──────── Provided data

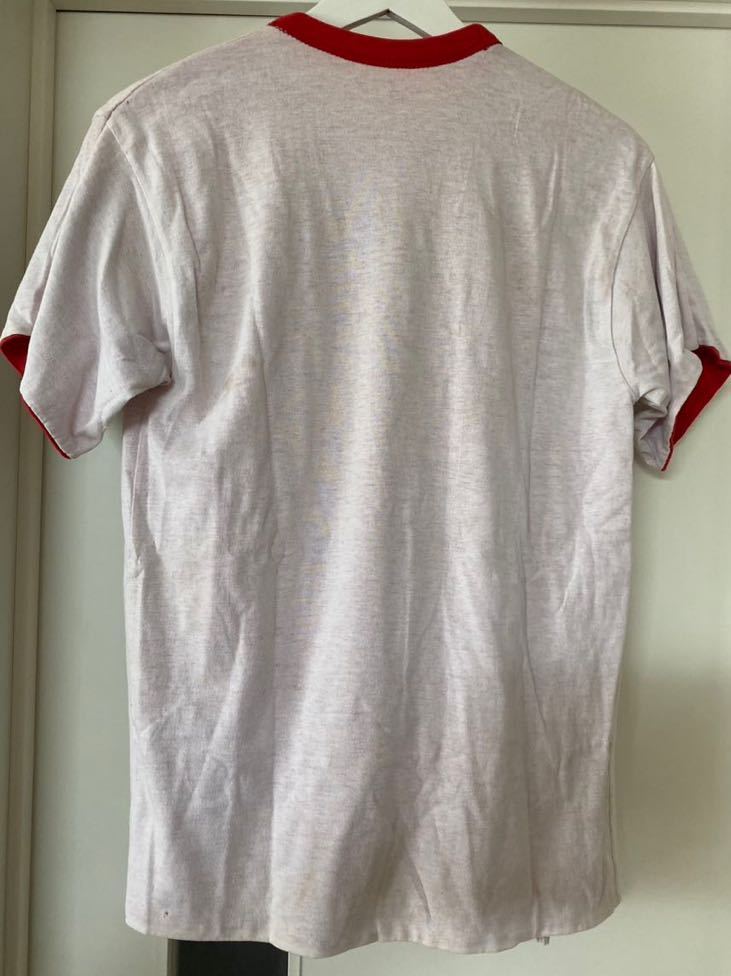 YMCA サッカー リバーシブル Tシャツ 赤 90s 80s nike ナイキ ヴィンテージ USA製｜PayPayフリマ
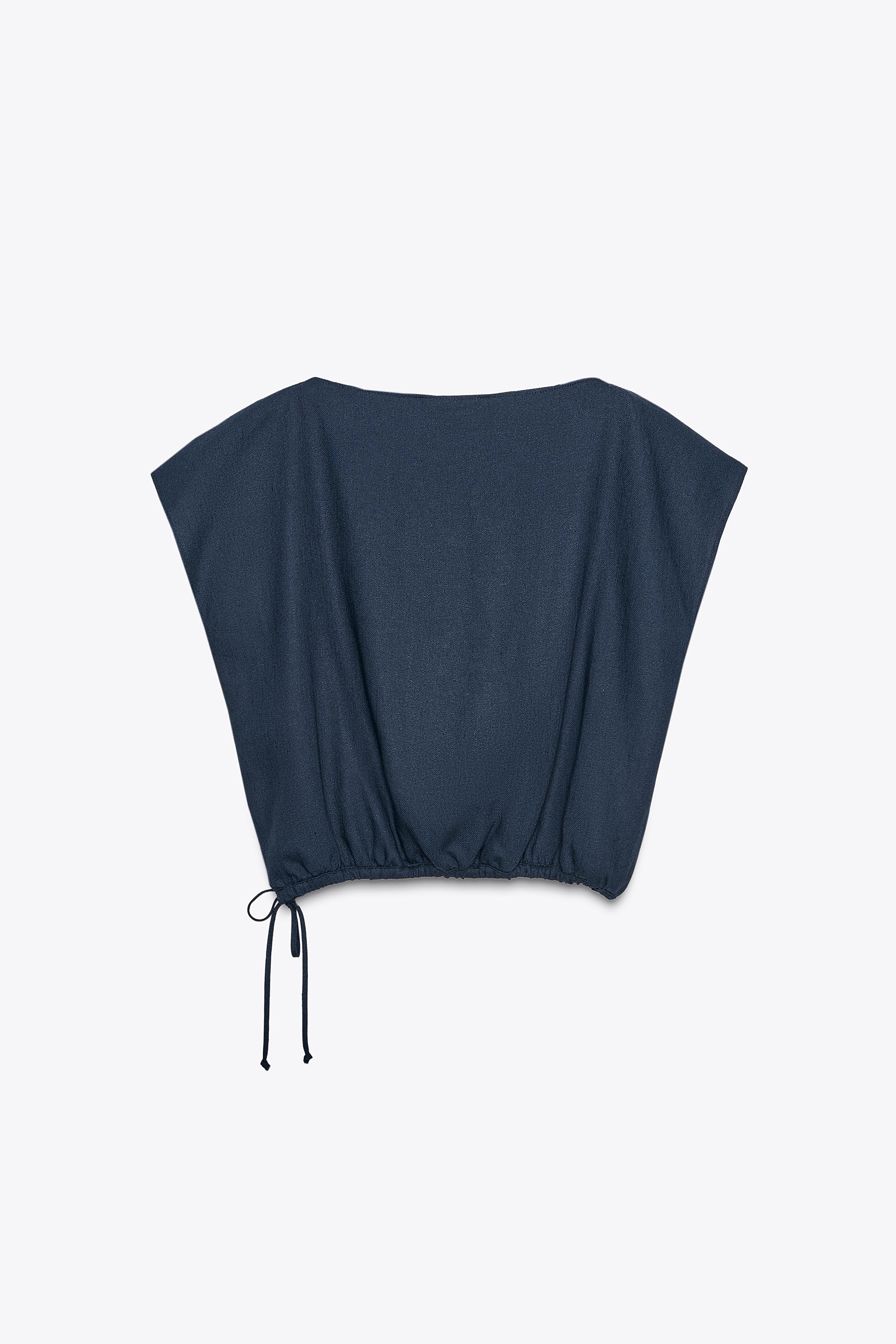 ZW COLLECTION LINEN TIE TOP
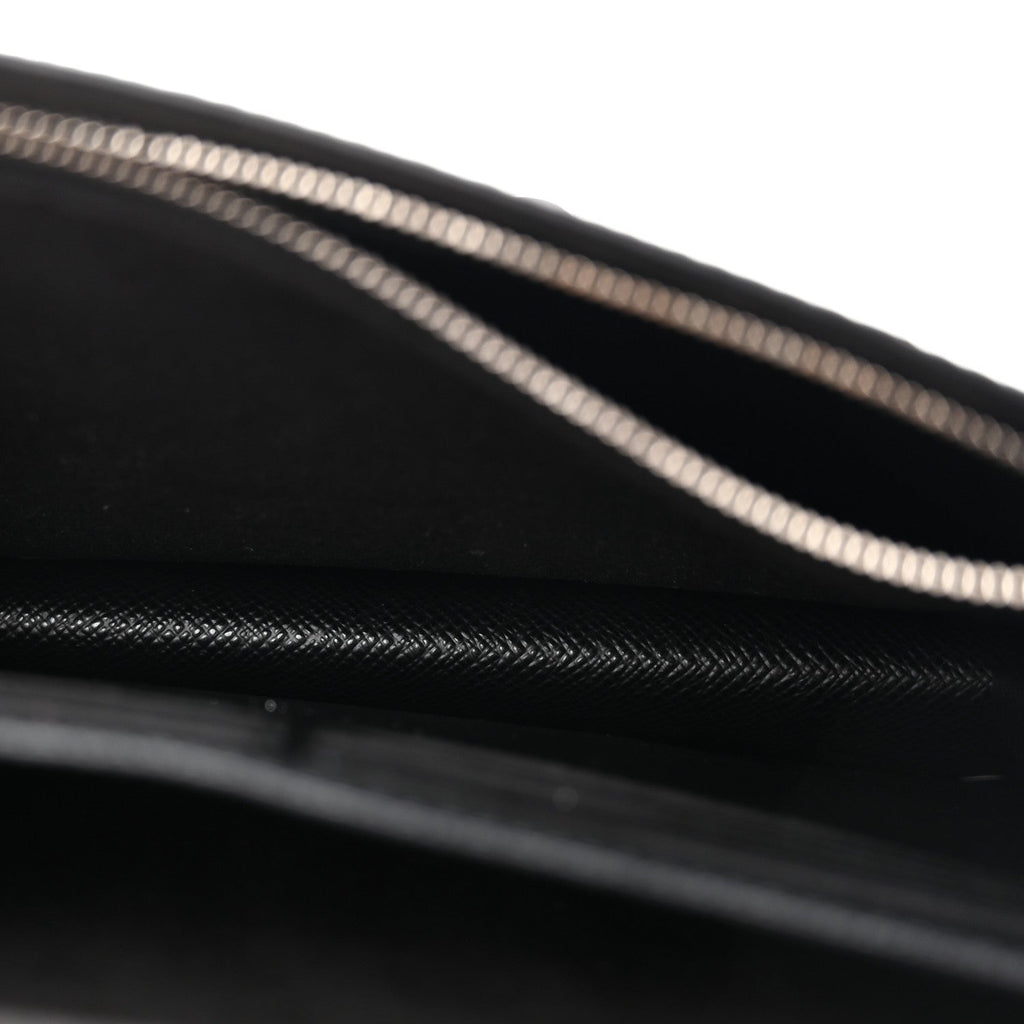Epi Twist Belt Chain Wallet Black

────────────────

Assignment:
Extract every line of the data exactly; pictures stay out.

Response to this exercise:
 YMCA サッカー リバーシブル Tシャツ 赤 90s 80s nike ナイキ ヴィンテージ USA製｜PayPayフリマ
 ZW COLLECTION LINEN TIE TOP
Epi Twist Belt Chain Wallet Black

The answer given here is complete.